I hope you don't mind me re-running this classic from two years ago; I've been a bit busy with next week's vacation plans and what not. Anyway, here's today's story, straight from Mohammamd Abdulfatah ...
We were outside the main gate, waiting for security to come down and escort us to the deepest sanctums of the complex. We had been waiting for nearly two hours. At last, two guards came for us, their pace a slouch more than a march.
We waited for an elevator that never came, then we climbed down the stairs to the computers’ layer. A few minutes later, we were standing in front of a huge steel gate. One of the guards slid a magnetized card through a slot, an LCD screen above it flickered in excitement, and the gate yawned, as if in agitation, opening its mighty jaws.
I was about to come face to face with the Frankenstein that I had created.
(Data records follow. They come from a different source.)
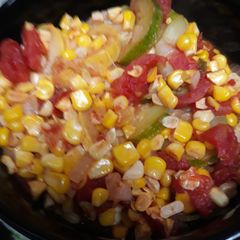 A picture of Vegetables on a stovetop.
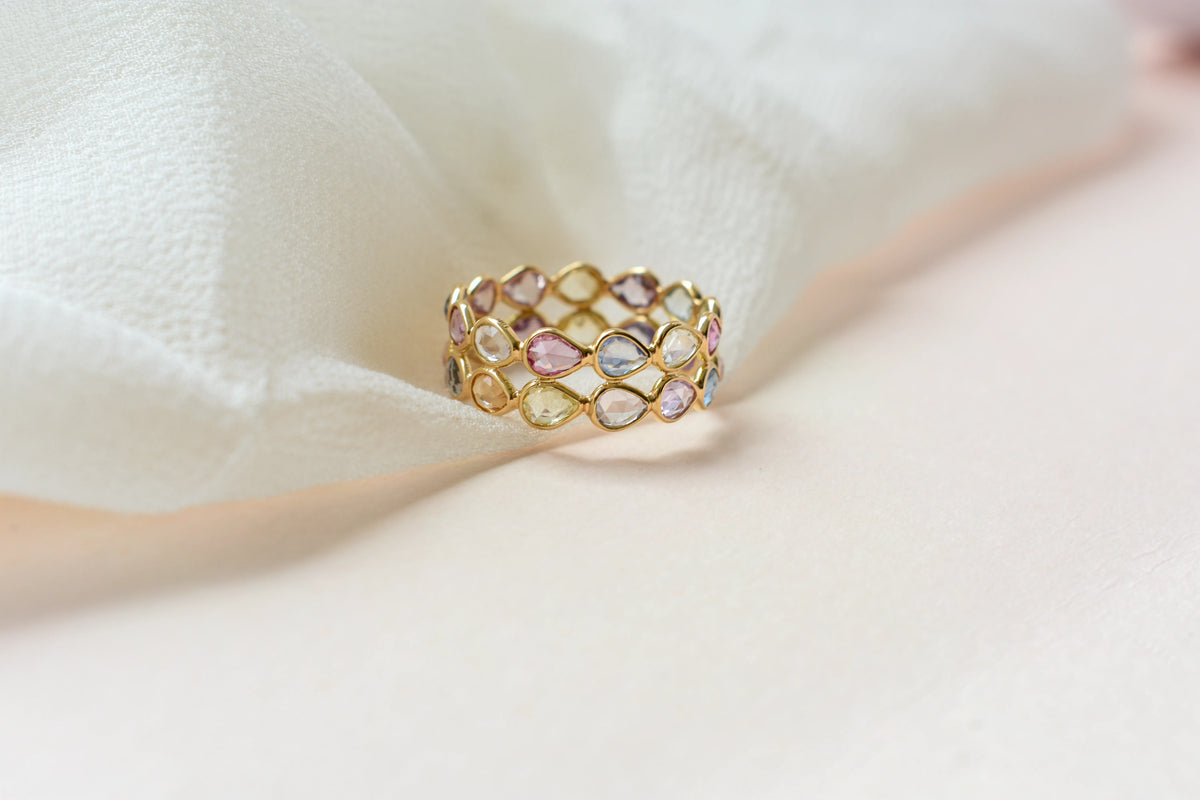 Pear-cut pastel multicolor sapphire eternity ring in 18K gold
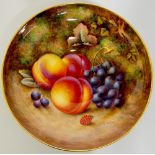 A Royal Worcester circular pedestal bowl still painted to the interior with peaches,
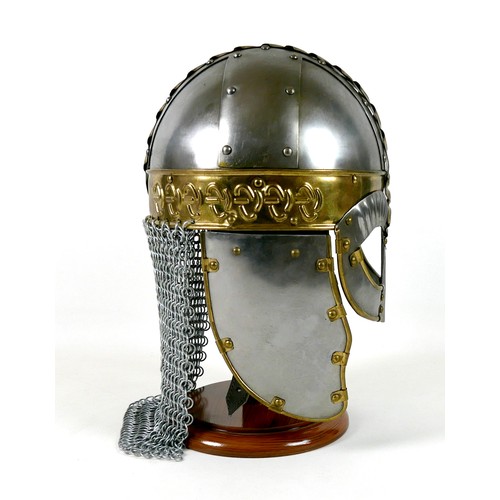 66 - A replica metal steel and brass helmet, with cheek plates, hinged ear flaps, and chain mail neck gua... 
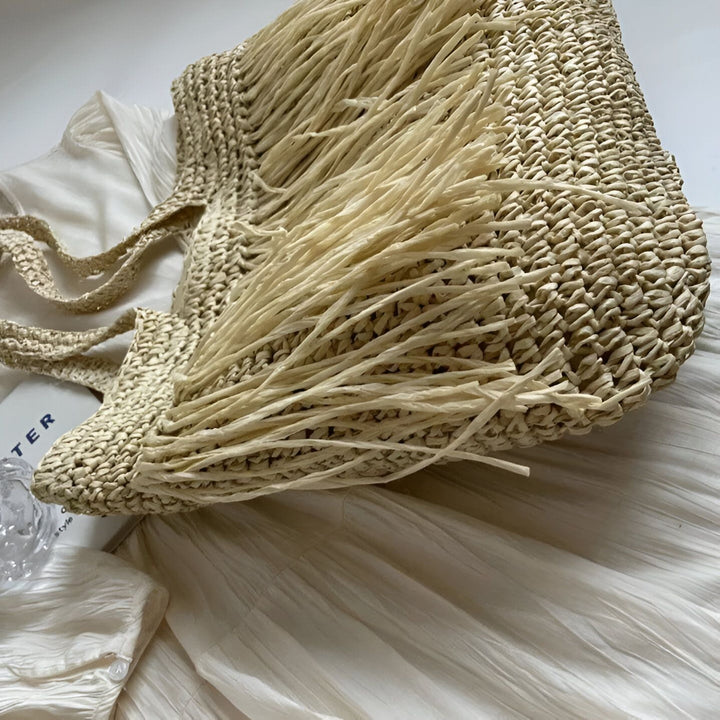 Sac en paille tressée à franges posé sur une robe blanche froissée., 46193922965728,46193922998496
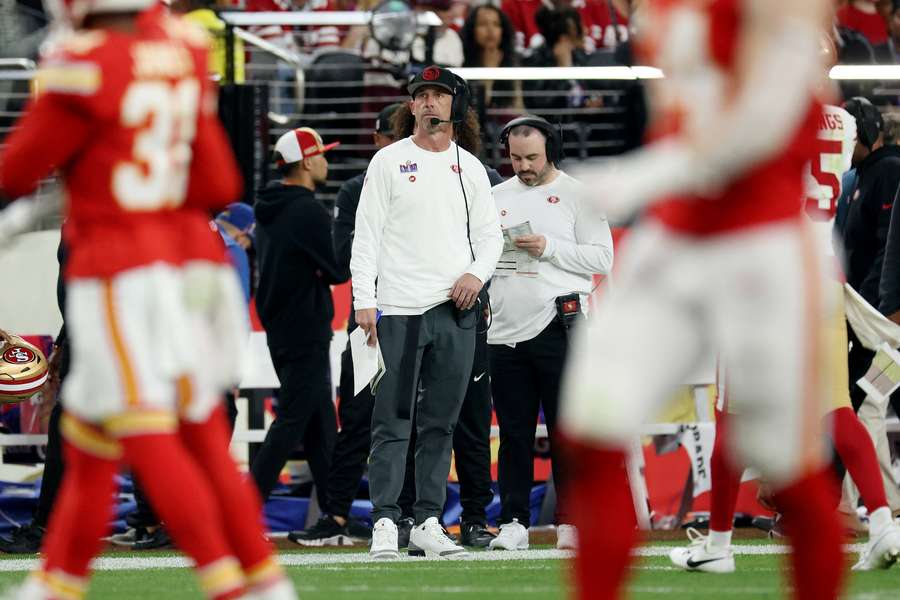 San Francisco 49ers' head coach Kyle Shanahan speaks with his players during their Super Bowl loss to the Kansas City Chiefs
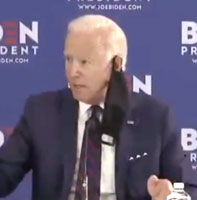 Biden with a mask hanging from his ear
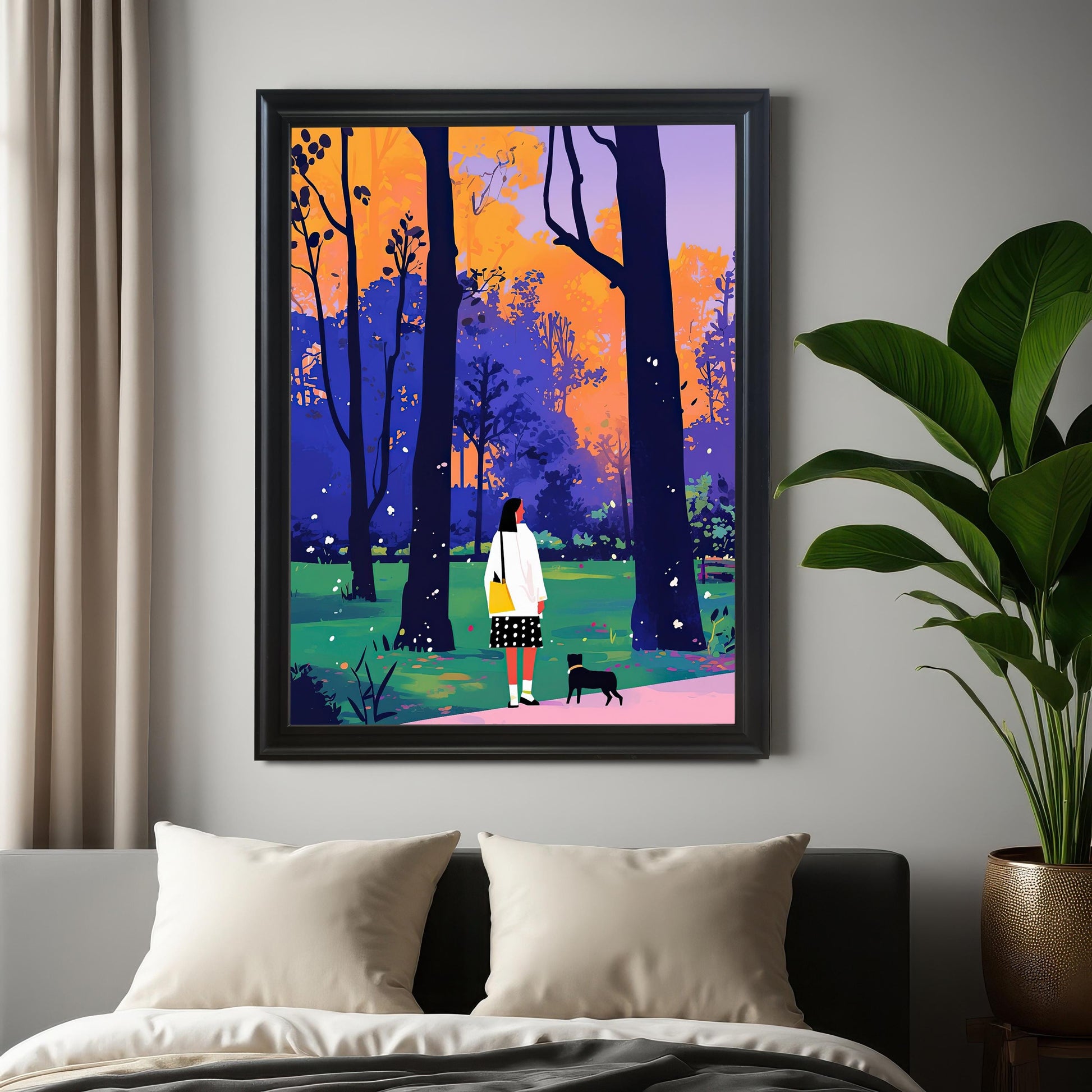 A framed piece of wall art hangs on a gray wall above a bed. The art depicts a woman and a small black dog walking through a park with colorful trees. The frame is black. A large potted plant sits on the floor to the right of the frame.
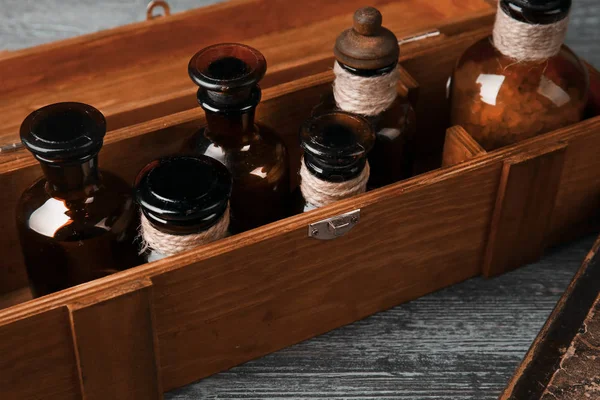 Vintage glass bottles in wooden box — Stock Photo, Image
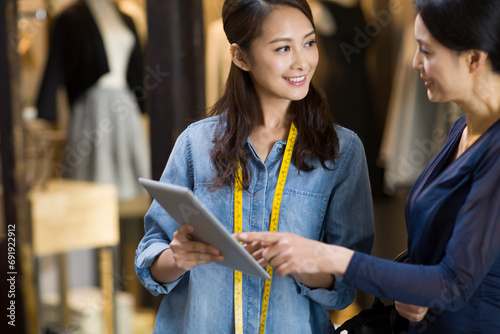 Fashion designer and customer using digital tablet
My beloved child has turned against me, and by no one's fault but my own. For I brought it into life, and I passed my imperfections onto it.
You see, this is how my Frankenstein came to be ...
Three months before that memorable day, the company I worked for managed to secure a contract with a certain government agency which shall remain unnamed. The project was simple enough, or so thought the sales person. The client had several data readers, each one collecting information from yet another unnamed data source. Each data reader resided on a dedicated computer, and each one was connected to its source by different, proprietary means. Some were connected through satellite, others through telex transceivers, and so on. Of course, each data reader came with its own software that was able to decode the data and display it in a readable format to the operators. The operators spent most of the day copying and pasting the data into text files and sending them to the analysts upstairs, who would compile the confidential information in these files into yet more confidential reports.
Our task was simple: automatically read all the incoming data, store it into a single database so the analysts can work on the data directly without being under the mercy of the operators. Simple my foot.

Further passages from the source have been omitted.